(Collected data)
____

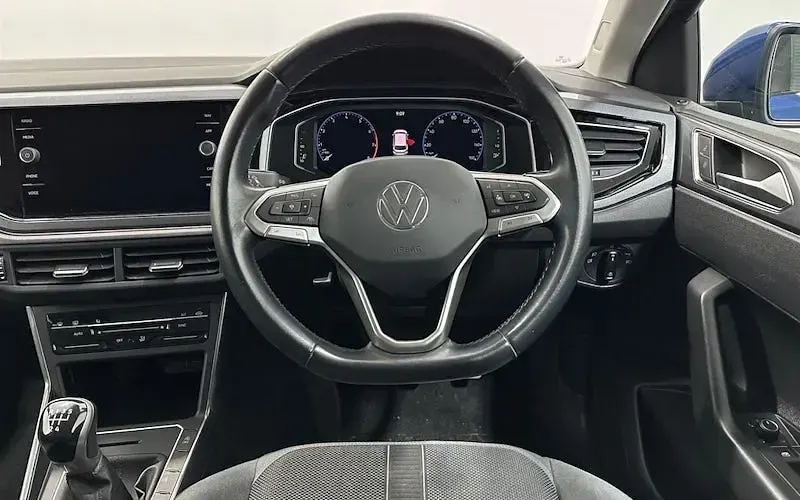 Used VW Polo Style 95 HP (69 kW) 2021 Blue Hatchback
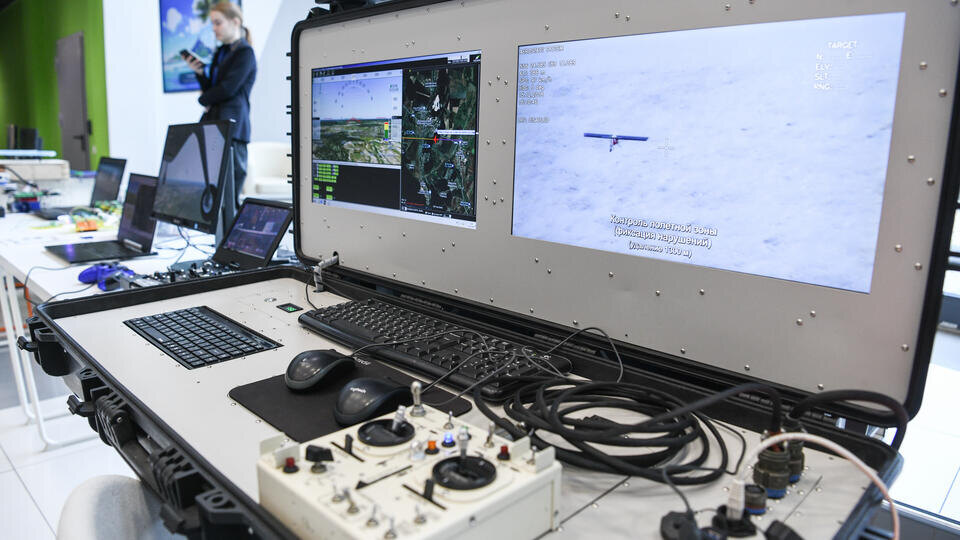     Путин указал на колоссальные возможности применения ИИ в военном деле Владимир Жабриков/URA.RU/ТАСС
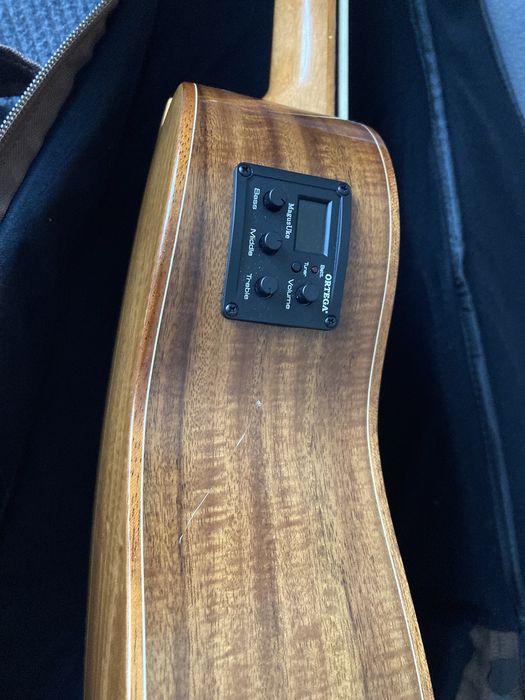 Ukulele basowe Ortega Caiman-BS-GB/ ZAMIANA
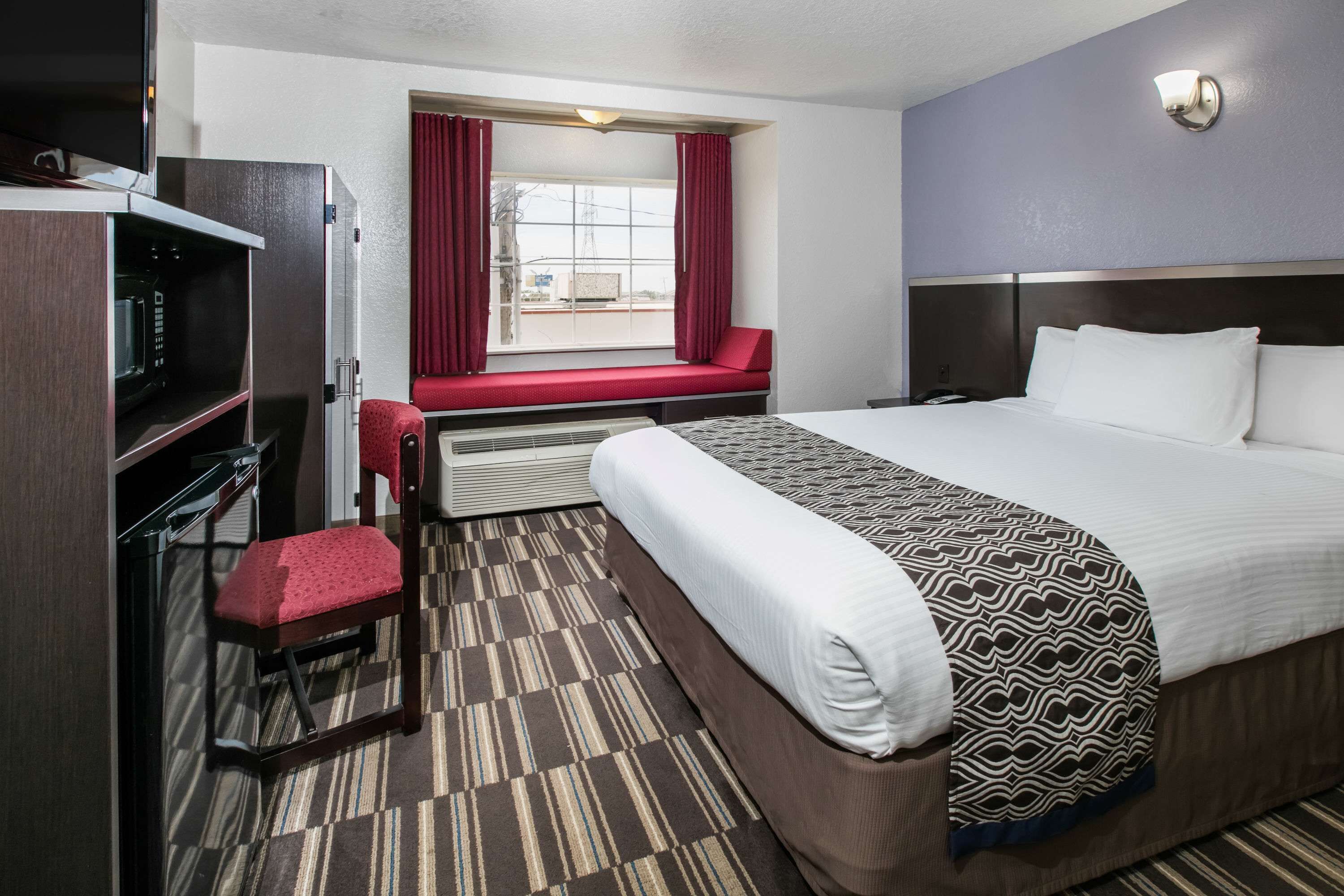 Microtel Inn & Suites by Wyndham Oklahoma City Airport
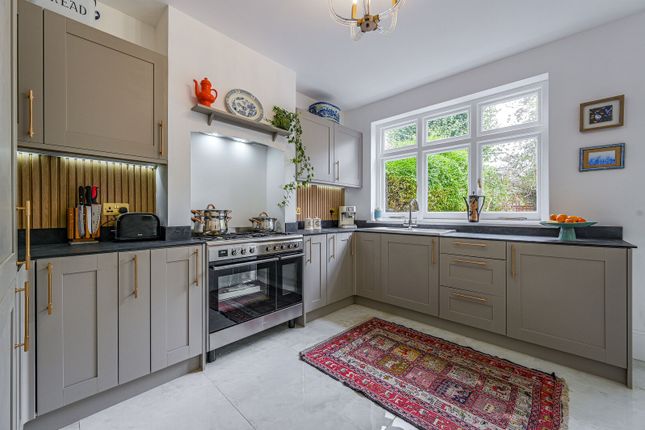 Bickley Crescent, Bickley photo 3
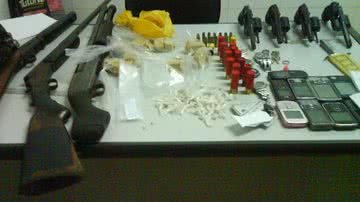 Imagem Traficantes presos com armas e drogas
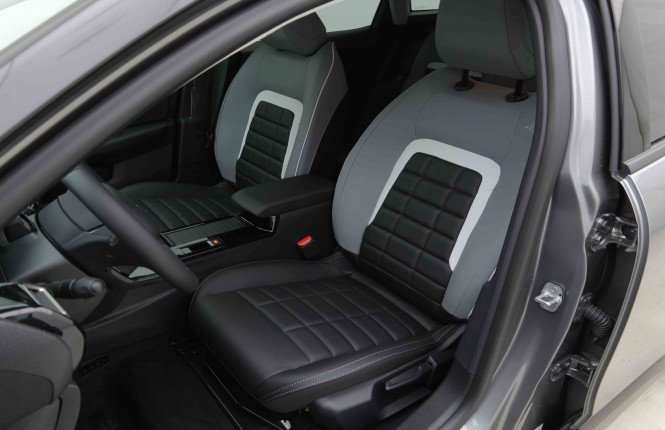 CITROEN_CITROEN_C4_2654659_6.jpg CITROEN_CITROEN_C4_2654659_6.jpg
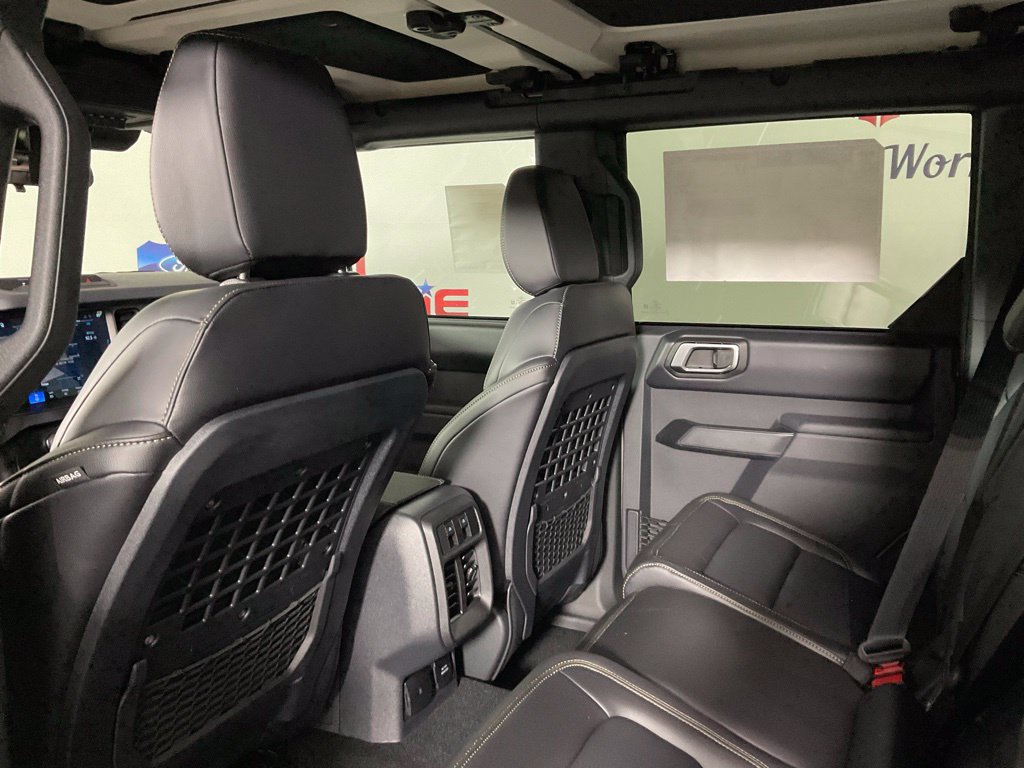 New 2026 Ford Bronco Badlands AWD/4WD image 15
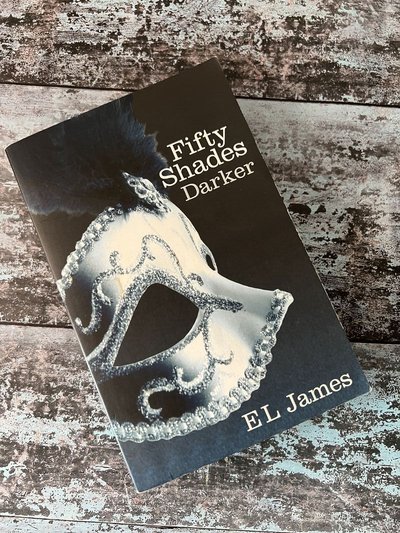 Fifty Shades Darker by E L James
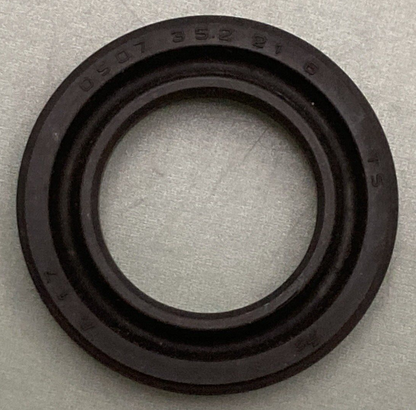 NEW GENUINE YAMAHA 93108-35012 Oil Seal Oso-Type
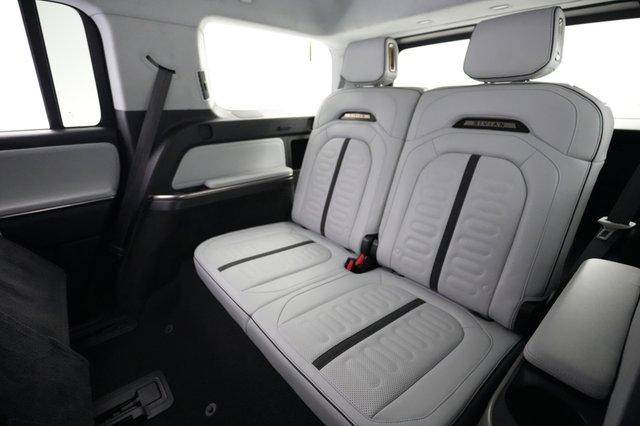 2025 Rivian R1S — photo 20 of 24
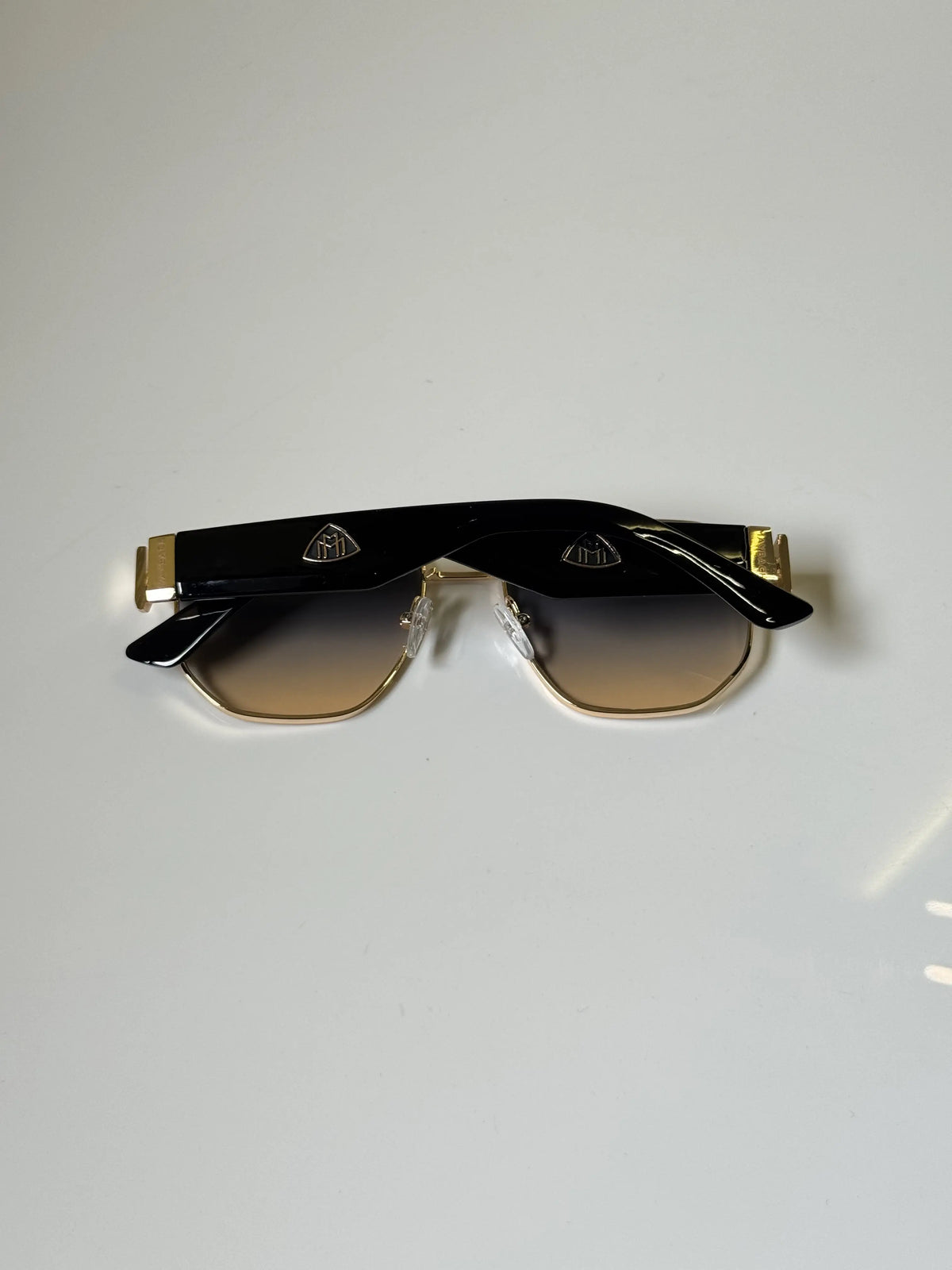 Maybach_594_Gold_Multi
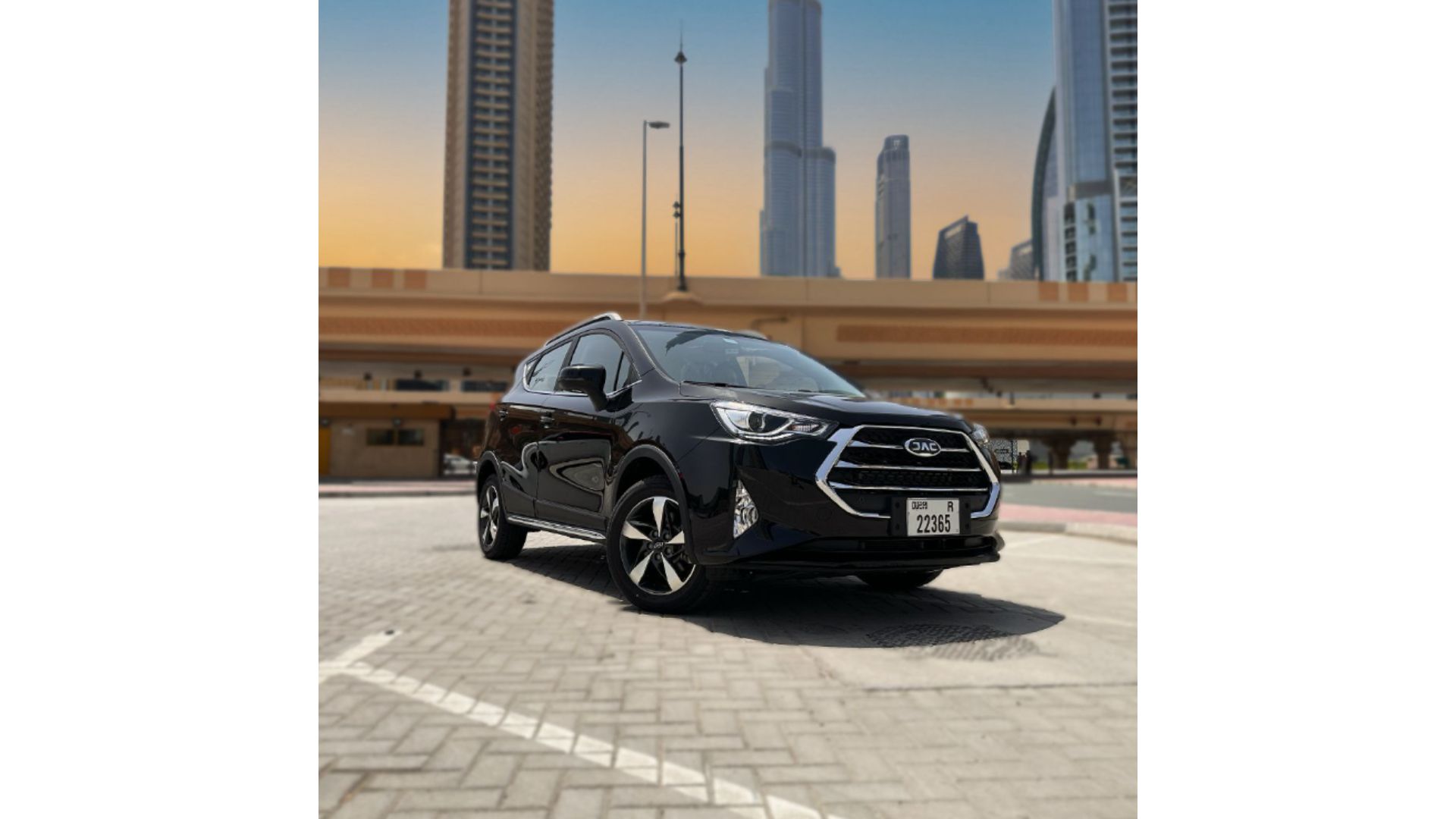 JAC JS3 2024 - ejcarrental (3)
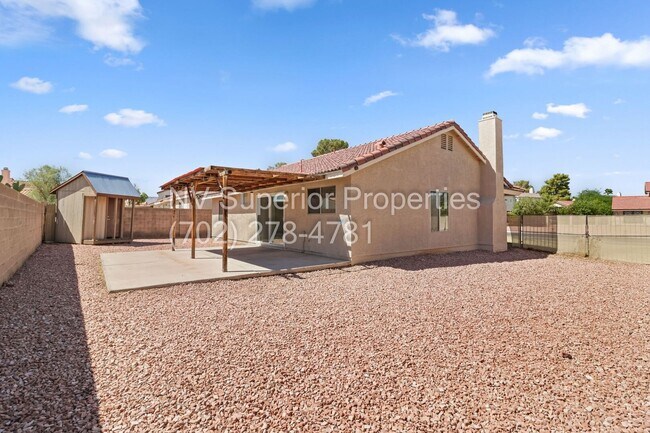 Building Photo - SW!! Spring Valley!! Single Story!!! Covered Patio!!! Fire Place!! Pet Friendly!!! Community Park...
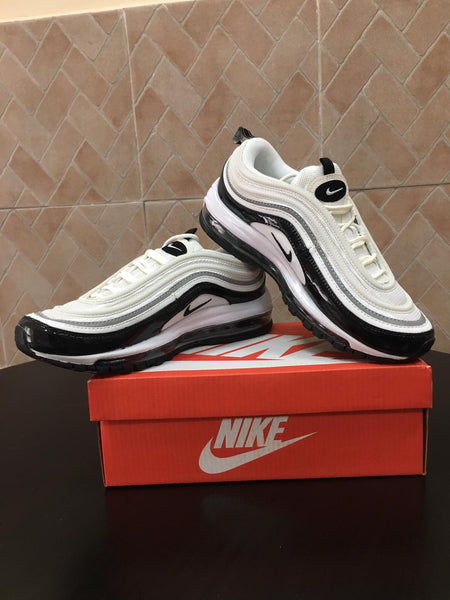 silver nike bianche e nere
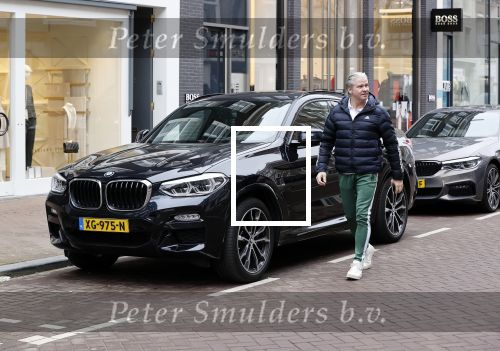 Amsterdam 4 maart 2021
Dries Roelvink met zijn BMW X4 op de pc hooftstraat
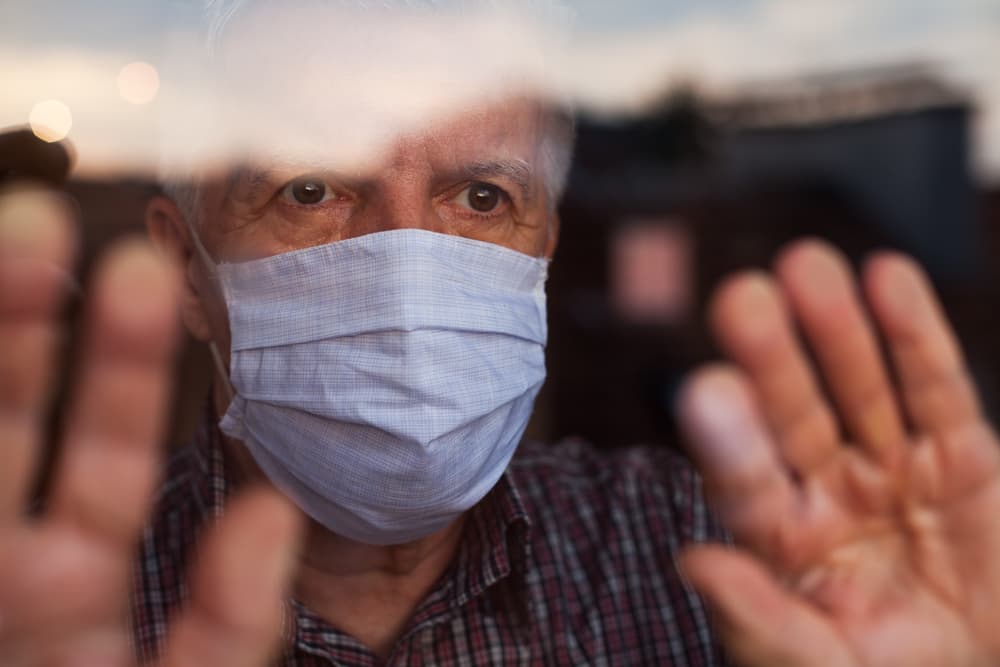 La buena noticia es que tú mismo tienes el control de algo, y eso es cómo reaccionas. Cuando tu energía o vibra está baja y la sientes tóxica o llena de negatividad, puedes aumentarla de distintas maneras. Al menos podemos poner nuestro granito de arena para no sentirnos tan mal, porque si tú no te ayudas o ves el vaso medio lleno, ¿quién lo hará por ti?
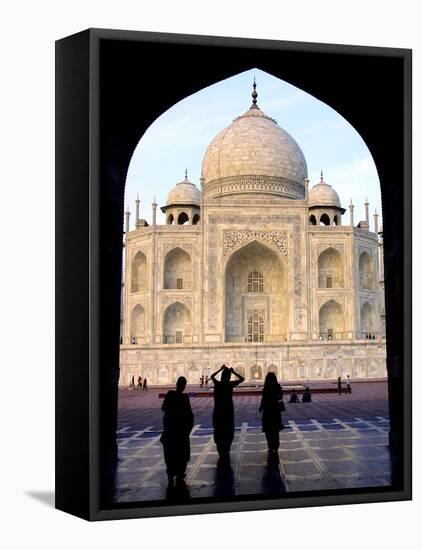 Indien Taj Mahal Jahrestag-Gurinder Osan-Framed Stretched Canvas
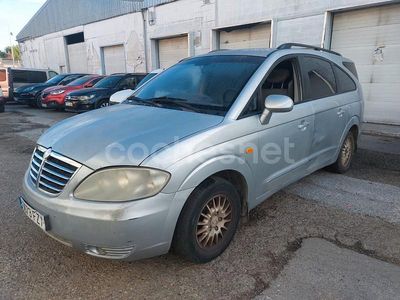 Usado SsangYong Rodius Limited 165 CV (121 kW) 2008 Gris / plata Monovolumen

____

# WHAT YOU ARE ASKED TO DO:
An exact copy of the entries, without any pictures, is what the answer should be.

# OUTPUT FOR THIS EXERCISE:
 Used VW Polo Style 95 HP (69 kW) 2021 Blue Hatchback
     Путин указал на колоссальные возможности применения ИИ в военном деле Владимир Жабриков/URA.RU/ТАСС
 Ukulele basowe Ortega Caiman-BS-GB/ ZAMIANA
 Microtel Inn & Suites by Wyndham Oklahoma City Airport
 Bickley Crescent, Bickley photo 3
 Imagem Traficantes presos com armas e drogas
 CITROEN_CITROEN_C4_2654659_6.jpg CITROEN_CITROEN_C4_2654659_6.jpg
 New 2026 Ford Bronco Badlands AWD/4WD image 15
 Fifty Shades Darker by E L James
 NEW GENUINE YAMAHA 93108-35012 Oil Seal Oso-Type
 2025 Rivian R1S — photo 20 of 24
 Maybach_594_Gold_Multi
 JAC JS3 2024 - ejcarrental (3)
 Building Photo - SW!! Spring Valley!! Single Story!!! Covered Patio!!! Fire Place!! Pet Friendly!!! Community Park...
 silver nike bianche e nere
 Amsterdam 4 maart 2021
Dries Roelvink met zijn BMW X4 op de pc hooftstraat
 La buena noticia es que tú mismo tienes el control de algo, y eso es cómo reaccionas. Cuando tu energía o vibra está baja y la sientes tóxica o llena de negatividad, puedes aumentarla de distintas maneras. Al menos podemos poner nuestro granito de arena para no sentirnos tan mal, porque si tú no te ayudas o ves el vaso medio lleno, ¿quién lo hará por ti?
 Indien Taj Mahal Jahrestag-Gurinder Osan-Framed Stretched Canvas
 Usado SsangYong Rodius Limited 165 CV (121 kW) 2008 Gris / plata Monovolumen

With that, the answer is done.